Below we will implement the as for part 1 of the prompt.

In [38]:
import nltk
from nltk.corpus import brown

### Get Corpus

In [39]:
brown_tagged_sents = brown.tagged_sents(categories = 'news')
brown_sents = brown.sents(categories = 'news')

In [40]:
# split to train and test
def split_sents(tagged_sents, sents, train_size = 0.6):
    """
    return train_tagged_sents, test_tagged_sents, train_sents, test_sents
    """
    train_n = int(len(tagged_sents)*train_size)
    return tagged_sents[:train_n], tagged_sents[train_n:], sents[:train_n], sents[train_n:]

In [41]:
train_tagged_sents, test_tagged_sents, train_sents, test_sents = split_sents(brown_tagged_sents, brown_sents)

### Regex Tagger

In [42]:
# make patterns for regex tagging
patterns = [
    (r'.*ing$', 'VBG'),                # gerunds
    (r'.*ed$', 'VBD'),                 # simple past
    (r'.*es$', 'VBZ'),                 # 3rd singular present
    (r'.*ould$', 'MD'),                # modals
    (r'.*\'s$', 'NN$'),                # possessive nouns
    (r'.*s$', 'NNS'),                  # plural nouns
    (r'^-?[0-9]+(\.[0-9]+)?$', 'CD'),  # cardinal numbers
    (r'.*', 'NN')                      # nouns (default)
]

regex_tagger = nltk.RegexpTagger(patterns)
regex_tagger.tag(train_sents[0])
# .evualuate() is depricated, use accuracy instead
print('Accuracy on test set: {:.2%}'.format(regex_tagger.accuracy(train_tagged_sents)))

Accuracy on test set: 20.62%


### Unigram Taggers

In [43]:
# quick train and test on tagged sents
unigram_tagger = nltk.UnigramTagger(train_tagged_sents)
print('Accuracy on test set: {:.2%}'.format(unigram_tagger.accuracy(test_tagged_sents)))

Accuracy on test set: 78.14%


## Bigram Taggers

In [44]:
bigram_tagger = nltk.BigramTagger(train_tagged_sents)
print('Accuracy on test set: {:.2%}'.format(bigram_tagger.accuracy(test_tagged_sents)))

Accuracy on test set: 8.37%


## Trigram Taggers

In [45]:
trigram_tagger = nltk.TrigramTagger(train_tagged_sents)
print('Accuracy on test set: {:.2%}'.format(trigram_tagger.accuracy(test_tagged_sents)))

Accuracy on test set: 5.35%


## Simple Backoff

In [47]:
with_backoff = nltk.UnigramTagger(train_tagged_sents, backoff = nltk.DefaultTagger('NN'))
print('Accuracy on test set: {:.2%}'.format(with_backoff.accuracy(test_tagged_sents)))

Accuracy on test set: 81.43%


## Different Combinations of Taggers

*Create three different combinations of the taggers.
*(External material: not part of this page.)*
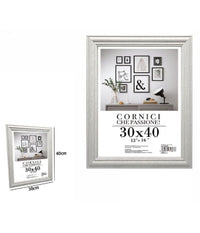 Cornice Per Fotografie Quadri Tele Poster Portafoto 30x40cm Modello Silver 71621         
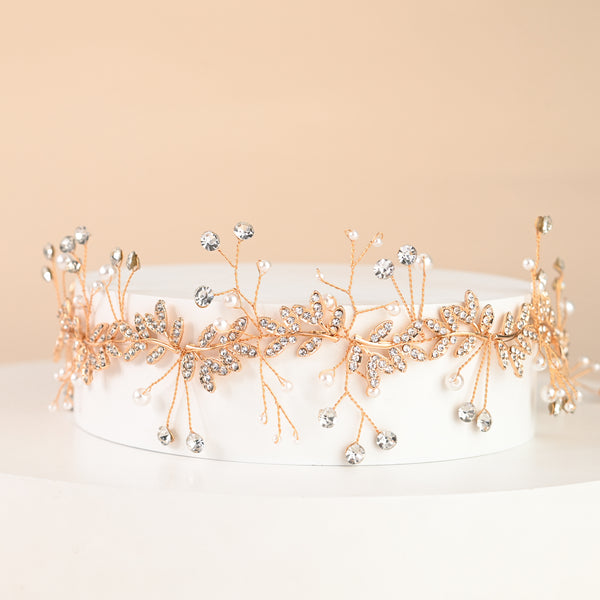 Ethereal Vine Gold Crystal and Pearl Silk Ribbon Headband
Test the accuracy of each combined tagger. Which combination works best?*

**Combo 1** will be unigram tagger with regexp as backoff.

In [48]:
# combo 1 
regex_backoff = nltk.UnigramTagger(train_tagged_sents, backoff = nltk.RegexpTagger(patterns))
print('Accuracy on test set: {:.2%}'.format(regex_backoff.accuracy(test_tagged_sents)))

Accuracy on test set: 83.75%


**Combo 2** will be unigram tagger with regexp as backoff and with default tagger as backoff for regexp.

In [49]:
# combo 2
combo2 = nltk.UnigramTagger(train_tagged_sents, backoff = nltk.RegexpTagger(patterns, backoff = nltk.DefaultTagger('NN')))
print('Accuracy on test set: {:.2%}'.format(combo2.accuracy(test_tagged_sents)))

Accuracy on test set: 83.75%


**Combo 3** will be bigram tagger with unigram as backoff and with regexp tagger as backoff for unigram.

In [50]:
# combo 3
combo3 = nltk.BigramTagger(train_tagged_sents, backoff = nltk.UnigramTagger(train_tagged_sents, backoff = nltk.RegexpTagger(patterns)))
print('Accuracy on test set: {:.2%}'.format(combo3.accuracy(test_tagged_sents)))

Accuracy on test set: 84.50%


**Final Combo** will be trigram tagger with combo 3 as the backoff.

In [51]:
# combo 4
combo4 = nltk.TrigramTagger(train_tagged_sents, backoff = nltk.BigramTagger(train_tagged_sents, backoff = nltk.UnigramTagger(train_tagged_sents, backoff = nltk.RegexpTagger(patterns))))
print('Accuracy on test set: {:.2%}'.format(combo4.accuracy(test_tagged_sents)))

Accuracy on test set: 84.44%


Looks like Combo 3 was the most accurate tagger. This goes along with what the textbook was saying about "[As n gets larger, the specificity of the contexts increases, as does the chance that the data we wish to tag contains contexts that were not present in the training data. This is known as the sparse data problem, and is quite pervasive in NLP. As a consequence, there is a trade-off between the accuracy and the coverage of our results (and this is related to the precision/recall trade-off in information retrieval).](https://www.nltk.org/book/ch05.html#:~:text=As%20n%20gets,in%20information%20retrieval)". This implies that if we continue stacking the backoffs like above, the performance will not improve.

## Varying Size 

*Try varying the size of the training corpus. How does it affect your results?*

In [58]:
import numpy as np
def train_size_increase():
    for train_size in np.arange(0.65,1, 0.05):
        train_tagged_sents, test_tagged_sents, _, _ = split_sents(brown_tagged_sents, brown_sents, train_size = train_size)
        tagger = nltk.BigramTagger(train_tagged_sents, backoff = nltk.UnigramTagger(train_tagged_sents, backoff = nltk.RegexpTagger(patterns)))
        print('=============================================================================\n')
        print('For train size = {:.0%}'.format(train_size))
        print('Accuracy on test set: {:.2%}'.format(tagger.accuracy(test_tagged_sents)))
        print('\n=============================================================================\n')

In [59]:
train_size_increase()


For train size = 65%
Accuracy on test set: 84.81%



For train size = 70%
Accuracy on test set: 85.51%



For train size = 75%
Accuracy on test set: 86.05%



For train size = 80%
Accuracy on test set: 85.81%



For train size = 85%
Accuracy on test set: 86.56%



For train size = 90%
Accuracy on test set: 86.50%



For train size = 95%
Accuracy on test set: 88.47%




Looks like the best accuracy on test set comes from training it with 95% of the data. This makes sense because we know that for every project, lots of data is important.

# Conclusion

Above we can see the implementation of different taggers on the Brown corpus. We can see that N-Gram taggers are a powerful tool and that for this situation, a Bigram Tagger was most effective. We can see that the training size impacts the accuracy score, so presenting the taggers with lots of good data is important.